There are no problems
After The Alchemy of Love and Joy™ came to me, I could so clearly see where I “went wrong” in relationships, or better put, where I could have done better. Of course, we always do the best we can with what we have, so I could not have done better. Yet at the time, I was conscious of not wanting to respond in the ways I did, of wanting a different outcome, however I was not in the state I needed to be in. I sensed that if I could be so radically different, so opposite, that things would be so opposite. But I did not know how. When you are feeling bad, or separate, or distanced, or that you need something, how can you be and do what you need to, with full and sincere congruence?
You can’t give what you don’t have, and you can’t get what you want if you can’t be it first.
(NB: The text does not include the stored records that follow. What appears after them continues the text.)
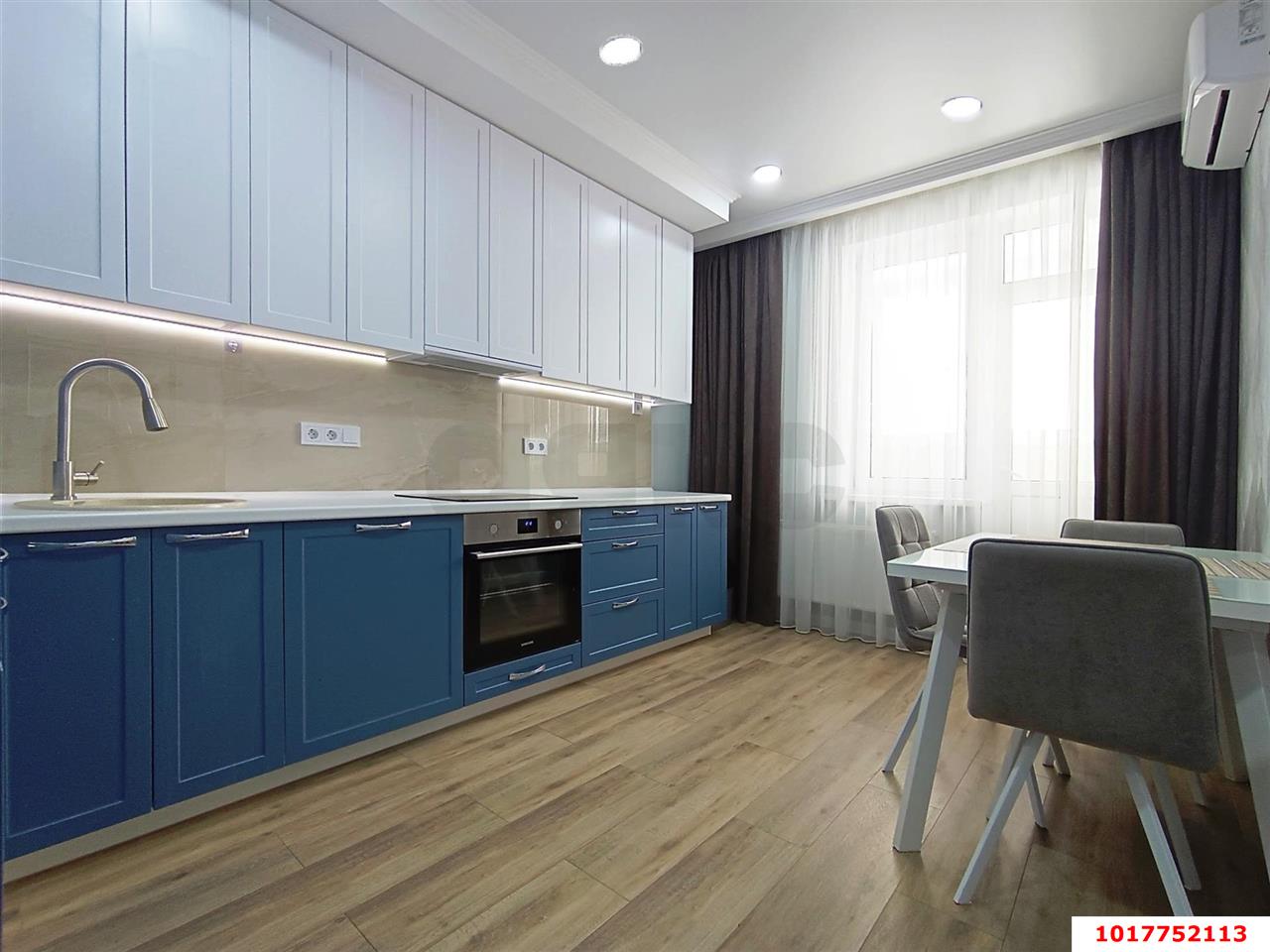 Фото №5: 1-комнатная квартира <span class="whitespace-nowrap">38 м²</span>, <span class="whitespace-nowrap">4/19 эт.</span> - Краснодар, мкр. Карасунский внутригородской округ, ул. имени Снесарева, 17/1к1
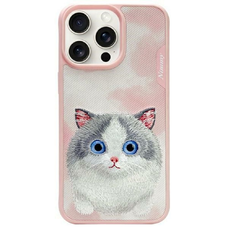 iPhone 15 Pro Max tok Nimmy pink Nagyszemű Kedvenc 2.0 Macska tok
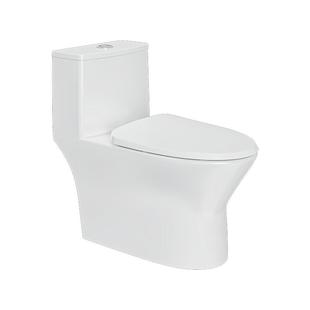 九牧卫浴海漩节水直冲式防臭家用陶瓷落地移位小户型马桶座便器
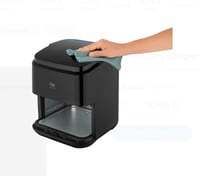 FAKİR AİRFRYER FRİTÖZ GLAMAİR CHEFRY SICAK HAVA (5 LT)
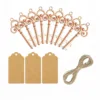10 hemp rope gold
This could appear to set up a catch-22, but it’s not a stalemate–the key is to give yourself first what you want, full, completely, and passionately. You may become so satisfied that you no longer want it, and that may be enough. Or you will become so satisfied that you are overflowing, spilling-it-out all over so that it spreads and catches like wildfire.
What you want to avoid is buying into the idea that there is ever a problem. When someone buys-into the story or illusion that there is a problem, the attention is on the problem, and not where it needs to be–on the solution. When two people buy into the same illusion, even more challenging and complex systems and reactions can come into play. But at any point, these can be interrupted, and there really is no such thing
as a real problem.
If we identify “chair” then we automatically identify everything that is “not chair.” The moment you identify a “problem,” you identify what is “not problem,” or, the solution. So whenever you think there is a problem, you must know the solution. And you do. What you did not know is that you can give it to yourself. So truly, there are no problems.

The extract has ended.